Un solo vocabolario per quattro schemi

audio_dialogue, speech_transcript, voice_interaction e tiered_annotation interpretavano ciascuno i dati di trascrizione a modo suo e accettavano sottoinsiemi diversi di formati, per motivi che nessuno sapeva spiegare. Ora condividono un unico normalizzatore, quindi quello che accetta uno lo accettano tutti e quattro.

Le configurazioni esistenti non cambiano. Ogni schema mantiene la vecchia interpretazione come ripiego, e ogni forma di trascrizione che funzionava prima funziona ancora byte per byte.

tiered_annotation guadagna anche la precompilazione facoltativa dalla trascrizione. Punta transcript_field alla tua trascrizione e un livello arriva già popolato, così gli annotatori correggono un allineamento esistente invece di risegmentare il parlato da zero:

yaml
  - annotation_type: tiered_annotation
    name: tiers
    source_field: audio_url
    media_type: audio
    tiers:
      - name: utterance
        labels:
          - name: speech
            color: "#7c3aed"

Gli intervalli precompilati non vengono salvati finché un annotatore non li modifica davvero, così una precompilazione mai toccata non viene attribuita per errore a lavoro umano.

Che cosa Potato continua a non fare

Non trascrive e non diarizza. Il riconoscimento vocale gira a monte. Potato legge quello che la tua pipeline ha prodotto.

La cosa salta fuori perché Potato esegue davvero un modello Whisper locale, per la modalità Think-Aloud, che registra gli annotatori mentre parlano lavorando. È una funzione di cattura rivolta ai tuoi annotatori, non al tuo corpus. Cose diverse, stessa parola.

La confidenza a livello di parola viene letta e conservata nel modello dati dove la sorgente la fornisce, ma non esiste ancora un'interfaccia per visualizzarla.

E per alcuni formati non esiste alcun parser: SAMI, MicroDVD, SubViewer, Transcriber .trs, EXMARaLDA, CHAT/CHILDES, RTTM da solo e gli output nativi di Montreal Forced Aligner o Gentle.
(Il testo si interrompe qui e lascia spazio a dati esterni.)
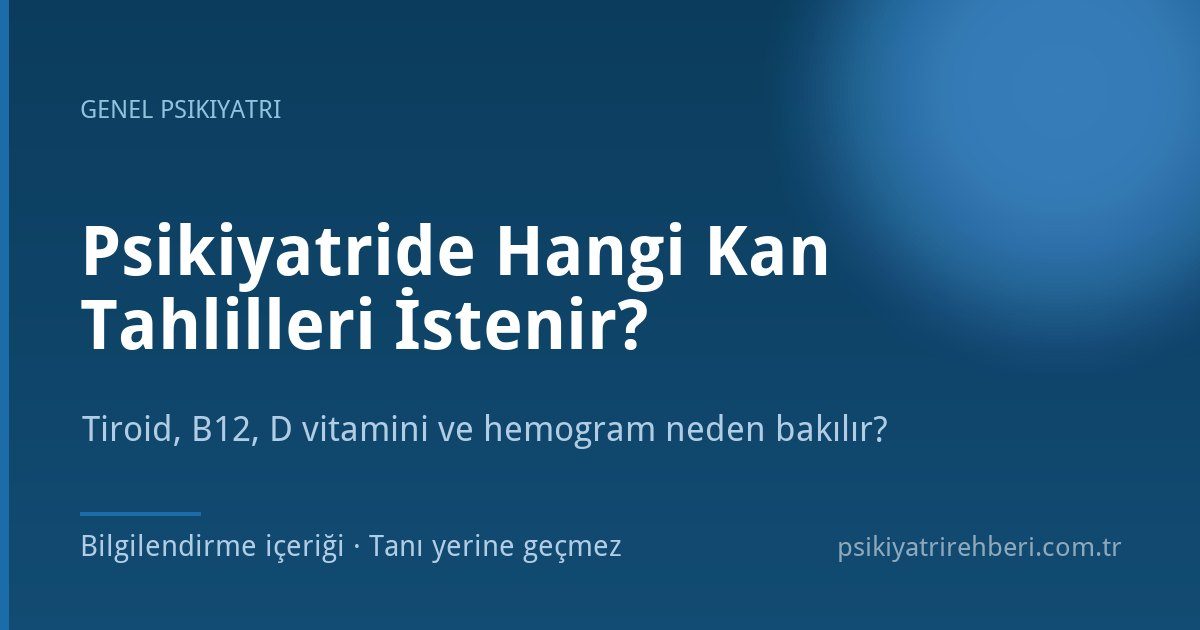 Psikiyatride Hangi Kan Tahlilleri İstenir?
Quelli vanno convertiti prima. Pubblichiamo quell'elenco perché un elenco di formati supportati da cui non è escluso niente non vale granché.

Documentazione

Aggiornamento

bash
pip install --upgrade potato-annotation==2.7.1

Non devi cambiare nessuna configurazione. Ogni forma di trascrizione che Potato accettava prima, continua ad accettarla.